--- DATASET RECORDS Enclosed Below ---

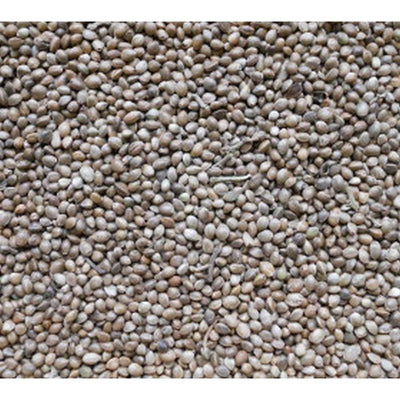 Johnston & Jeff Hemp Seed 12.5kg Johnston & Jeff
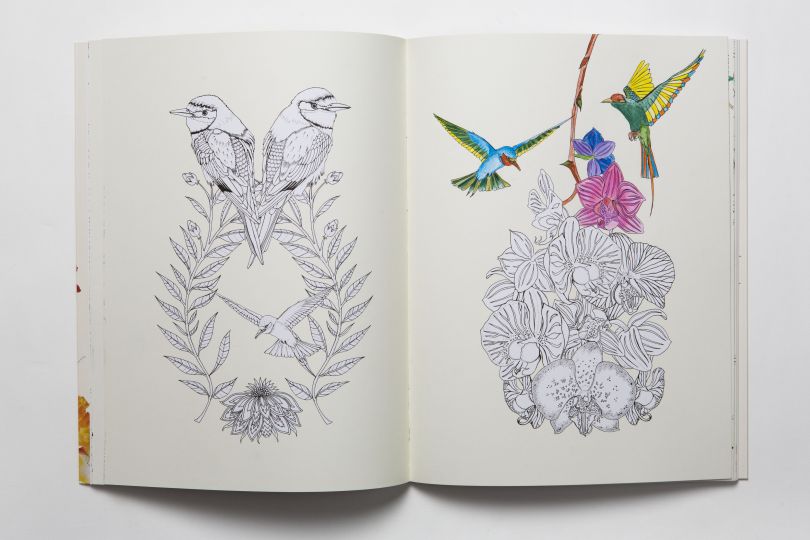 Download Birdtopia A Beautifully Illustrated Colouring Book By The Talented Daisy Fletcher Creative Boom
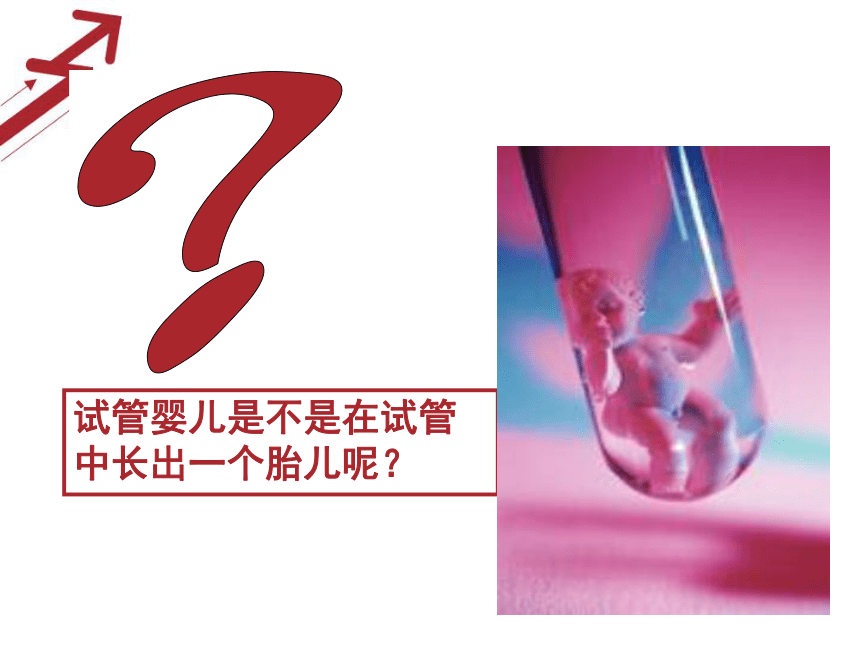 2020-2021学年高二下学期生物人教版选修三3.2 体外受精和早期胚胎培养 课件 （共30张ppt）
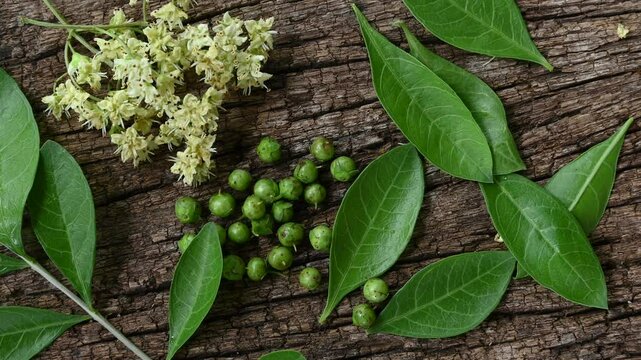 Henna or lawsonia inermis ,flower ,fruits and green leaves on an old wood background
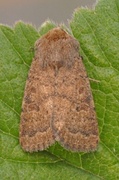 Lyst ringurtefly (Hoplodrina octogenaria)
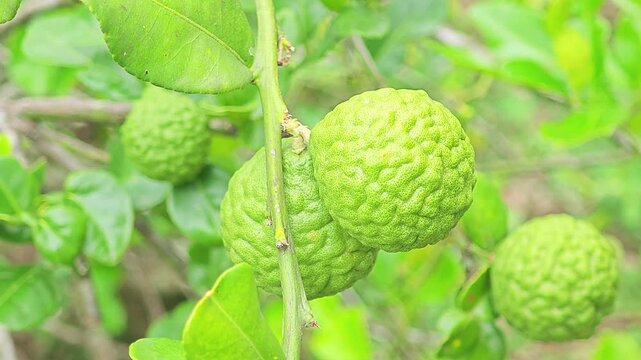 Two fresh kaffir limes growing naturally in a tropical garden, vibrant green citrus fruit on the tree, organic harvest, lush foliage, natural sunlight, healthy plant, botanical beauty.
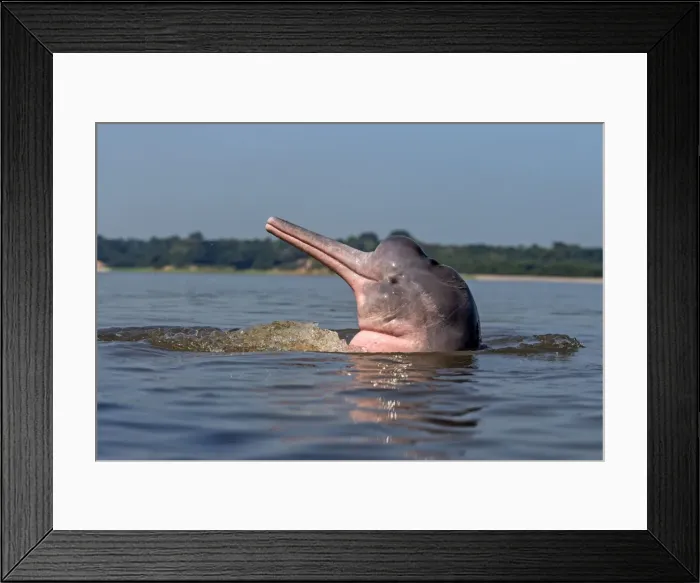 Framed Print : Picture No. 10898929 Framed Print : Picture No. 10898929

--- End of Enclosed DATASET RECORDS ---

#### TASK ITEM
Starting at the line containing "Henna or lawsonia" and finishing at the line containing "Two fresh kaffir", return those lines exactly as they appear above, without the pictures.

#### RESPONSE BOX
 Henna or lawsonia inermis ,flower ,fruits and green leaves on an old wood background
 Lyst ringurtefly (Hoplodrina octogenaria)
 Two fresh kaffir limes growing naturally in a tropical garden, vibrant green citrus fruit on the tree, organic harvest, lush foliage, natural sunlight, healthy plant, botanical beauty.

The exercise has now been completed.